Thank you Thayer and Richard.

The Openrouteservice.org GUI map did not work for
my Firefox.


Graphhopper is nearly perfect for what I want, and
I really appreciate you bringing it to my attention.
It's going to save me quite a bit of time.
This is the link I am using:
https://graphhopper.com/maps/

The GPX export of the track is exactly what I need.
The GUI is great.  I rarely have more than a dozen
intermediary points along the track, so I'll probably
just create the URL I need to get the output I need.
Or maybe I will dive into the API, but I hate these
API keys that always seem to be turned off, and I'm
supposed to beg for another one.

QuickOSM appears to have a lot of promise too.
It's on my list to investigate.


Thanks again.


Mike



On 10/22/20 8:07 AM, qgis-user-requ...@lists.osgeo.org wrote:
  Hi Mike,
I am glad this helped you.
I am going to punt on this since a similar question about how to do routes in 
QGIS was asked recently, and I think it received some answers, you should be 
able to find it on the QGIS-user Nabble archive.
That said, my initial thought is that instead of using Google you might want to 
do your routing on websites or API's that are based directly on OSM data, for 
example Graphhopper or Openrouteservice.org that will allow you to export 
routes as GPX. You can then use Douglas Peuker to simplify.
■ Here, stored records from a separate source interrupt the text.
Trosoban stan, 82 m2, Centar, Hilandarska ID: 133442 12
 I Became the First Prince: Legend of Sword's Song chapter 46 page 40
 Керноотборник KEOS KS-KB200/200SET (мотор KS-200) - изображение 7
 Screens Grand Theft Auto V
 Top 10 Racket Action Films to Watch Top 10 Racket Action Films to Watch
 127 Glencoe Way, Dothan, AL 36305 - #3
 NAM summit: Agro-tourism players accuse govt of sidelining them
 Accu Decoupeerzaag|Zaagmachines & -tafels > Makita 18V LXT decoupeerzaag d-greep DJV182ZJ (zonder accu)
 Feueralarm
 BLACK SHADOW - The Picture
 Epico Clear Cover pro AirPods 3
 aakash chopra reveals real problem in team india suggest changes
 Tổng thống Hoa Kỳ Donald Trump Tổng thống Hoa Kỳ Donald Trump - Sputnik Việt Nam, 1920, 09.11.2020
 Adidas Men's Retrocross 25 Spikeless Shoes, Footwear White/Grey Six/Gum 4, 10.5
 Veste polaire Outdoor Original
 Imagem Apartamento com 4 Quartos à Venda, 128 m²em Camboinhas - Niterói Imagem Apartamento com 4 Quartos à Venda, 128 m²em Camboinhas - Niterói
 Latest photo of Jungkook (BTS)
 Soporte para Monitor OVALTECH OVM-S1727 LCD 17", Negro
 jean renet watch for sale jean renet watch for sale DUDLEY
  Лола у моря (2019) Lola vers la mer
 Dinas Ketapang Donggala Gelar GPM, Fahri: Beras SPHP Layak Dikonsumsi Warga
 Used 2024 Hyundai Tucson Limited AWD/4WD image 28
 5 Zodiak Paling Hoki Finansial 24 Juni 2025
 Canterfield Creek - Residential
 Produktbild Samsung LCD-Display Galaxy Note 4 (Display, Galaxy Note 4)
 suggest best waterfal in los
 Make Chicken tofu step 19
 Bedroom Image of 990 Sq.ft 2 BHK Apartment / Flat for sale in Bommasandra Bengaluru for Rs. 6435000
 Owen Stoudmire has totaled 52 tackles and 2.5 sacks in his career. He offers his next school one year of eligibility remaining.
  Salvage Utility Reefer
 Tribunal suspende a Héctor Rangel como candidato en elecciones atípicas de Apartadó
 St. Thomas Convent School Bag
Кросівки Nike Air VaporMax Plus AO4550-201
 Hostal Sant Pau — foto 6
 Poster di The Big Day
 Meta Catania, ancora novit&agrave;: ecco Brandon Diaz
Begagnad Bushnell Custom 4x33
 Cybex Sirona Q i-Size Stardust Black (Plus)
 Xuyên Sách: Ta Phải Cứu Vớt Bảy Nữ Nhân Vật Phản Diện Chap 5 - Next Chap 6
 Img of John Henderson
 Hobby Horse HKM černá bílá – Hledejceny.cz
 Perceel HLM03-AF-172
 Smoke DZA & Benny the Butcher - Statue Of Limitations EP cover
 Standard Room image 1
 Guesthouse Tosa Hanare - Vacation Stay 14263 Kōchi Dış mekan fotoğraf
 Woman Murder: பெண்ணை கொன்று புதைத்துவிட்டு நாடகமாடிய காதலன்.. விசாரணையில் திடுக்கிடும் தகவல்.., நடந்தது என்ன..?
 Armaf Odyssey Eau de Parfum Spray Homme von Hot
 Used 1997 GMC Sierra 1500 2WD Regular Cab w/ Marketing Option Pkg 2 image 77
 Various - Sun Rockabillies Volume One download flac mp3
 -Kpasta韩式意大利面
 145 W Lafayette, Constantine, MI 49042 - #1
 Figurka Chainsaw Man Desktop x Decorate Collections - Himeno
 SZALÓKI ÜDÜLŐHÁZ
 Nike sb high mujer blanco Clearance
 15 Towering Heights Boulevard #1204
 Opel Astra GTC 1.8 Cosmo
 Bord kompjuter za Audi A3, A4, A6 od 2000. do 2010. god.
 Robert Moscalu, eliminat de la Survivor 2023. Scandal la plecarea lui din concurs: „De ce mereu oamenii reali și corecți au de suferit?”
If you are looking 
for a more automated way of doing this you may want to dig into the API's for 
those sites.
-Thayer

From: Richard Duivenvoorde <rdmaili...@duif.net>

Totally unaware of the exact contents of this thread... but I know there is a plugin: QuickOSM in our repo:

https://plugins.qgis.org/plugins/QuickOSM/

and I could 'just copy/run' this query in the email and it is loaded in QGIS?